# Bull red on the fly..4-09-11



## REDFISH101 (Mar 27, 2009)

Man it sure was foggy Sat. morning but near perfect conditions so i finaly made it to the spot.Started to throw a popper with only small trout interested so i switched to a bearded clam fly purchused at bass pro:thumbsup:.After a couple cast "FISH ON'' it was a blast since it was my first bull on the fly.:thumbup:


----------



## REDFISH101 (Mar 27, 2009)

sorry here they are the right way up.[/ATTACH]


----------



## jesse1378 (Mar 29, 2010)

nice catches.


----------



## daybreaker (Mar 23, 2011)

What a great fish on a flyrod.Thanks for the pictures.


----------



## REELGOOD (Oct 3, 2007)

Great job.
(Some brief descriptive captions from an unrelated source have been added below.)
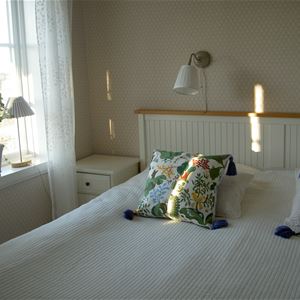 Dubbelsäng med vitt överkast och blommiga kuddar på sängen. 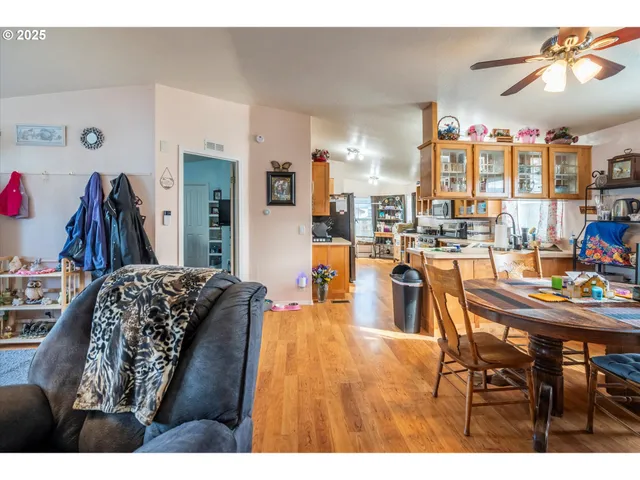 a living room with lots of furniture and a large window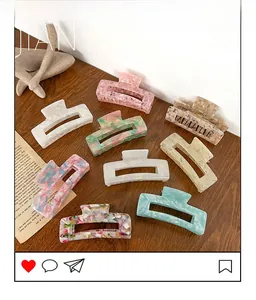 Lot de neuf grandes pinces à cheveux en acétate aux couleurs marbrées sur bois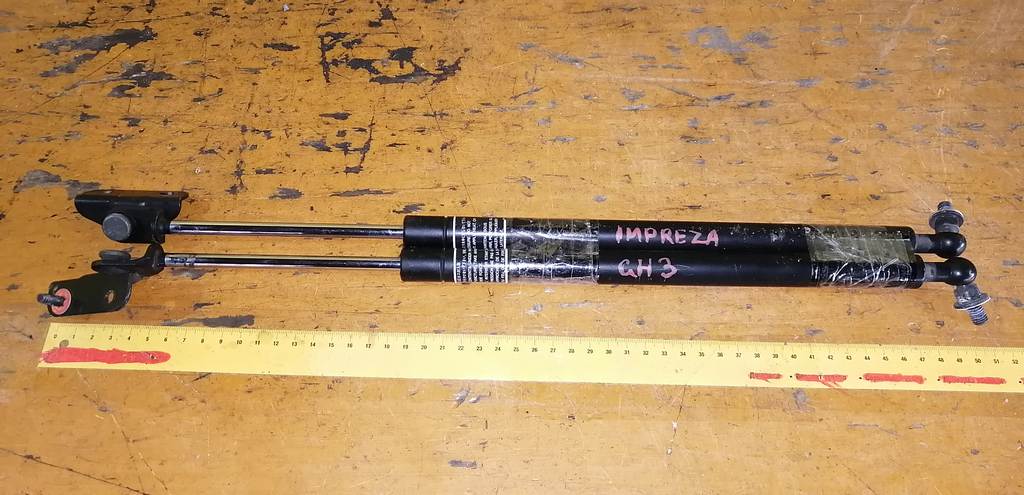 амортизатор двери Subaru Impreza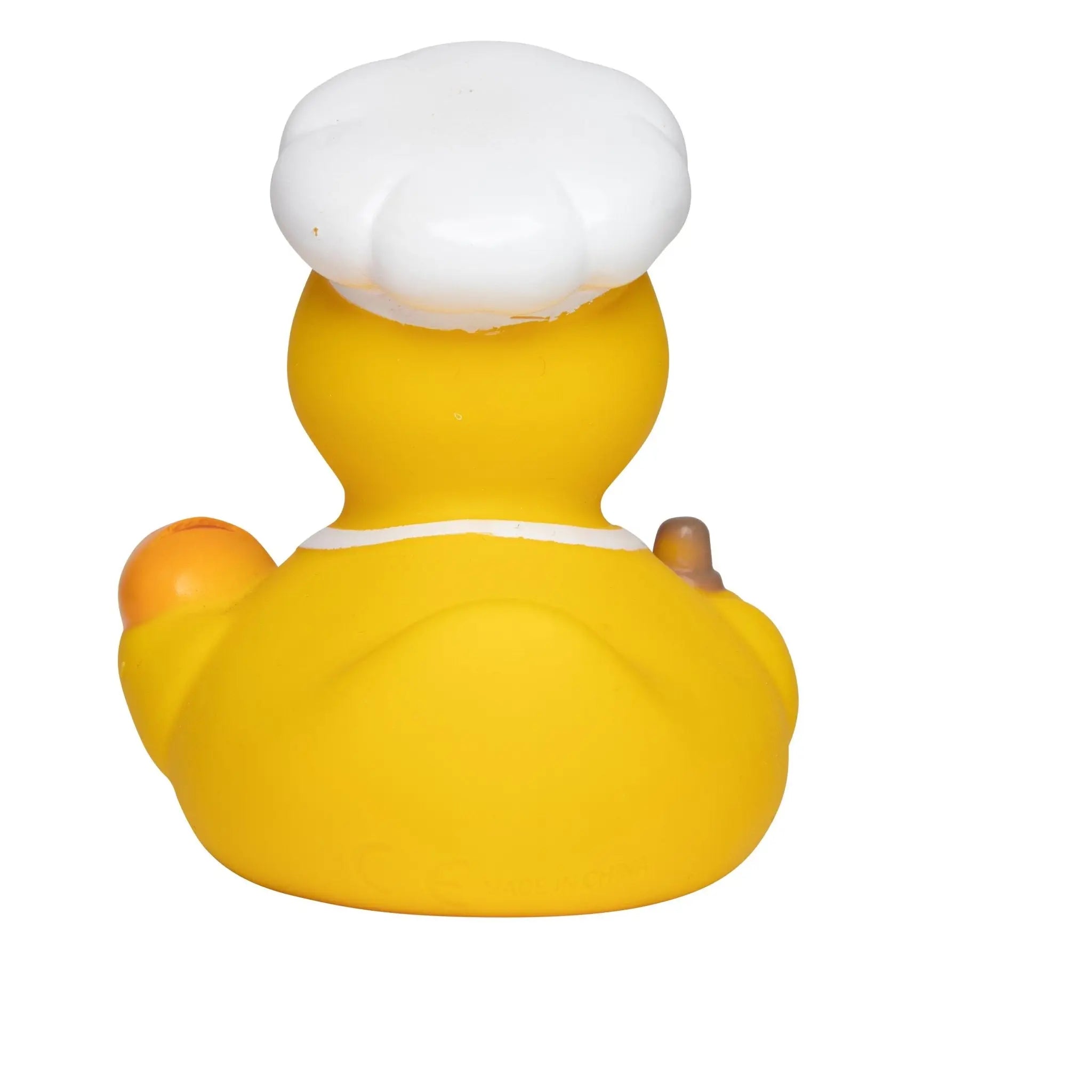 Gelbe quietsche-ente aus gummi mit weißer kochmütze als bäcker und energieberater badeente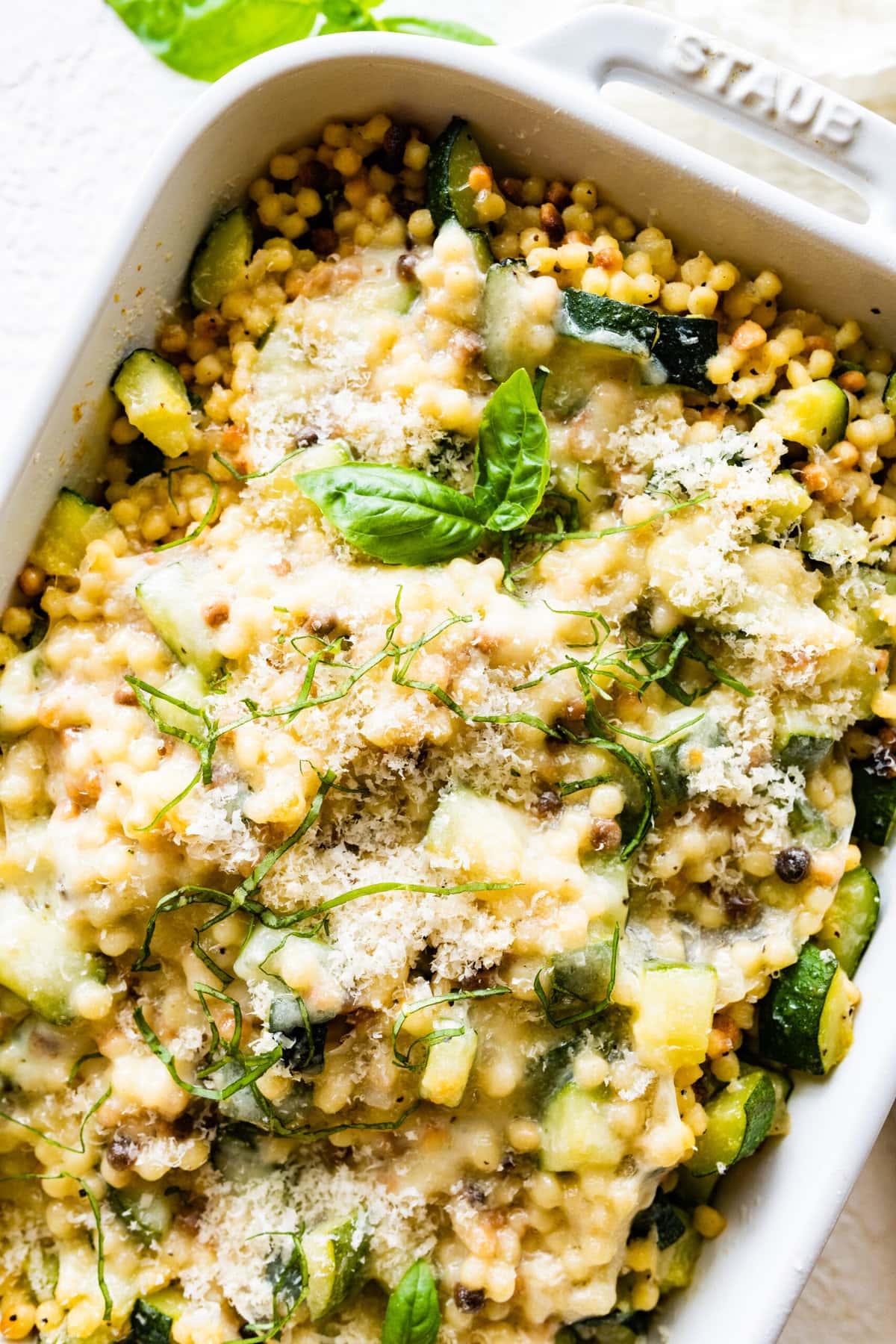 Step by step instructions Fregola Sarda Pasta Recipe with Zucchini and Cheese- after baking. Soft and melted cheese on top.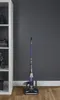 A vacuum cleaner is standing on a wooden floor next to a white shelf. Produktbild-Vorschau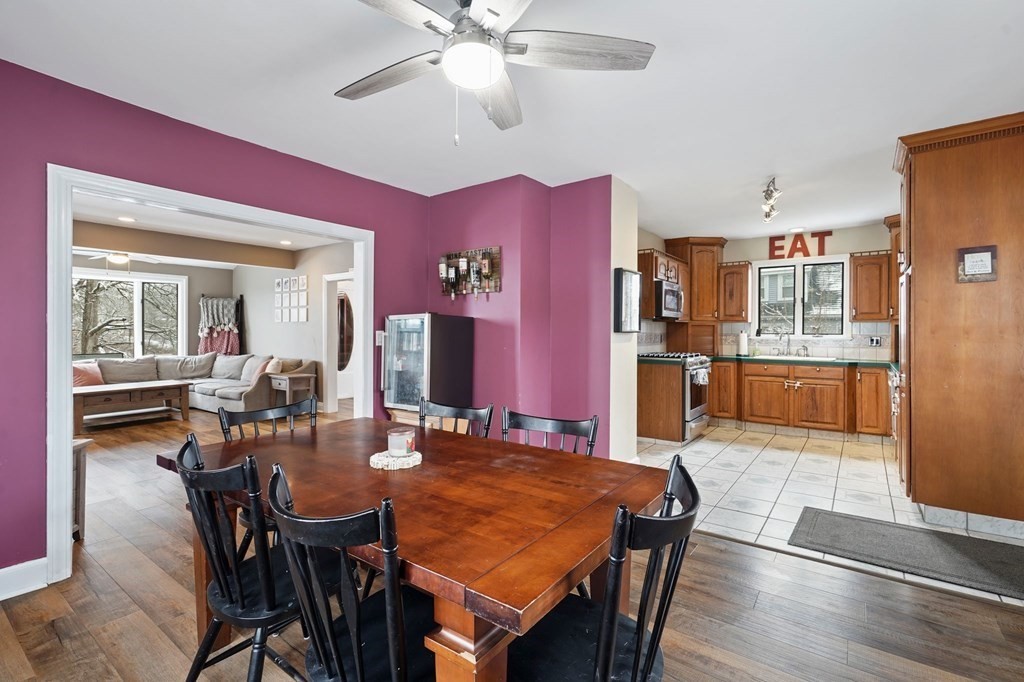 53 Pond Street Canton, MA 02021 - Photo 13 of 31 a view of a dining room with furniture and wooden floor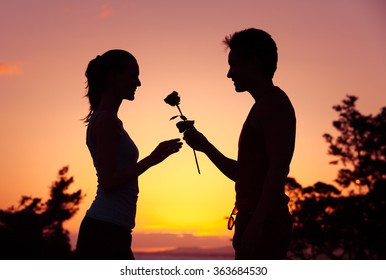 Male giving girl a rose. 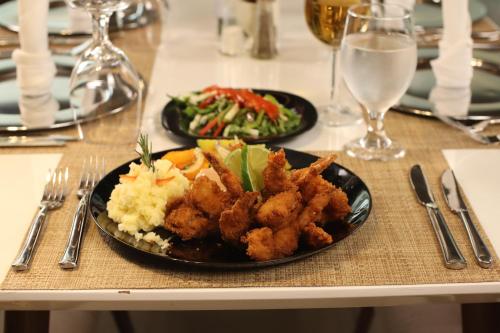 a table with two plates of food on a table at Hotel Agualcas in Managua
Nice red.


----------



## fishn4fun (May 11, 2008)

Nice red!! I know that was a blast on the fly.


----------



## derb (Mar 26, 2011)

:thumbup1:


----------



## Tugboat (Mar 24, 2011)

Sure is a nice red and that's a good looking boat that's behind you in your pic bet they got a sweet deal on that


----------



## Johnms (Nov 29, 2010)

That middle fish is a Spanish Mackerel, how do keep them from biting through the tippet?


----------



## REDFISH101 (Mar 27, 2009)

Very nice boat behind me and super sweet deal on that one...:fishslap:


----------



## REDFISH101 (Mar 27, 2009)

Johnms said:


> That middle fish is a Spanish Mackerel, how do keep them from biting through the tippet?


I always use a long shank eagle claw hooks #1 and #2s then just tie a little flash and white/green bucktail on 15lb florocarbon.I strip it really fast sometime double handed so that way they usually only gat just the hook works for me most the time.I do occasionaly get bite off by really big spanish.hope this helps:thumbsup:


----------